Wherever a picture appears, skip it and retype the rest of the data exactly.

═════ Dataset content

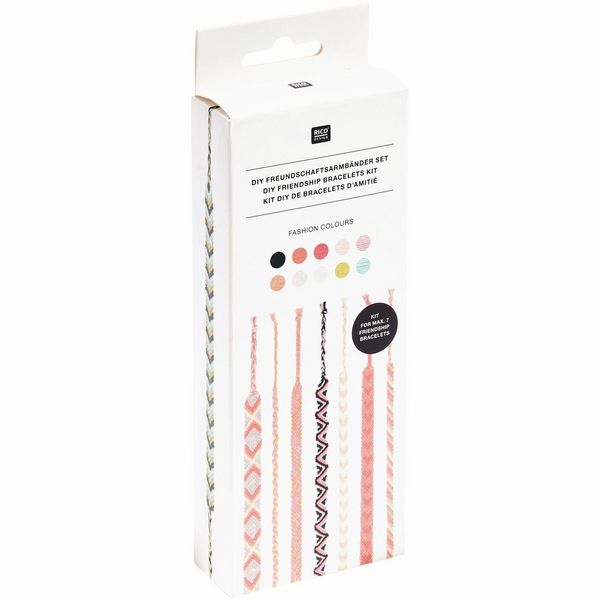 Produktbild: DIY Freundschaftsarmb&auml;nder Set, Fashion Colours, 10x8 m Stickgarn in 10 verschiedenen Farben, 100 % Baumwolle, Neon 100% Polyester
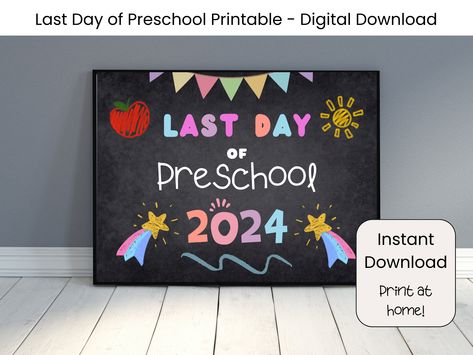 Last Day of Preschool Printable Sign | Last Day of Pre-K | Last Day of School | End of School Year Photo Prop | Graduation Keepsake Sign by LaurenMarieDigital on Etsy Last Day Of Preschool, Graduation Keepsake, Graduation Printables, Pre K Graduation, Kindergarten Readiness, Milestone Poster, Preschool Graduation, Chalkboard Background, Black Chalkboard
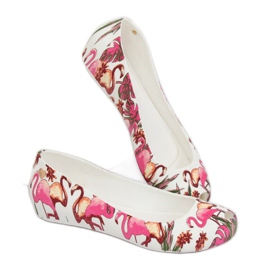 Meliski avec des flamants roses blancs CK85 Blanc blanche violet multicolore 2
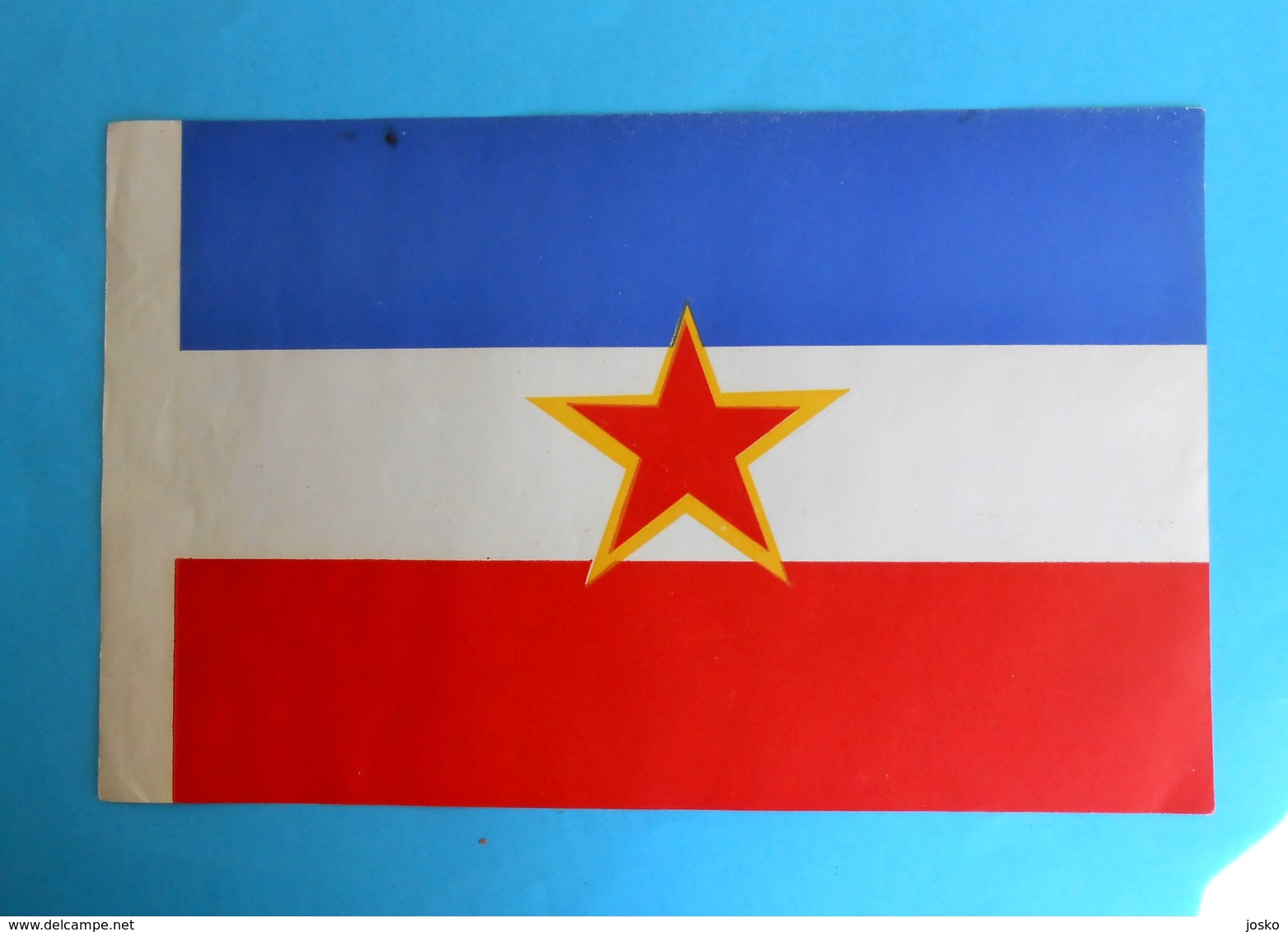 YUGOSLAVIA Original Vintage Paper STATE COMMUNIST FLAG * Larger Size * Drapeau Flagge Croatia Slovenia Bosnia Macedonia - Flags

══════════

Answer for this exercise ::
 Produktbild: DIY Freundschaftsarmb&auml;nder Set, Fashion Colours, 10x8 m Stickgarn in 10 verschiedenen Farben, 100 % Baumwolle, Neon 100% Polyester
 Last Day of Preschool Printable Sign | Last Day of Pre-K | Last Day of School | End of School Year Photo Prop | Graduation Keepsake Sign by LaurenMarieDigital on Etsy Last Day Of Preschool, Graduation Keepsake, Graduation Printables, Pre K Graduation, Kindergarten Readiness, Milestone Poster, Preschool Graduation, Chalkboard Background, Black Chalkboard
 Meliski avec des flamants roses blancs CK85 Blanc blanche violet multicolore 2
 YUGOSLAVIA Original Vintage Paper STATE COMMUNIST FLAG * Larger Size * Drapeau Flagge Croatia Slovenia Bosnia Macedonia - Flags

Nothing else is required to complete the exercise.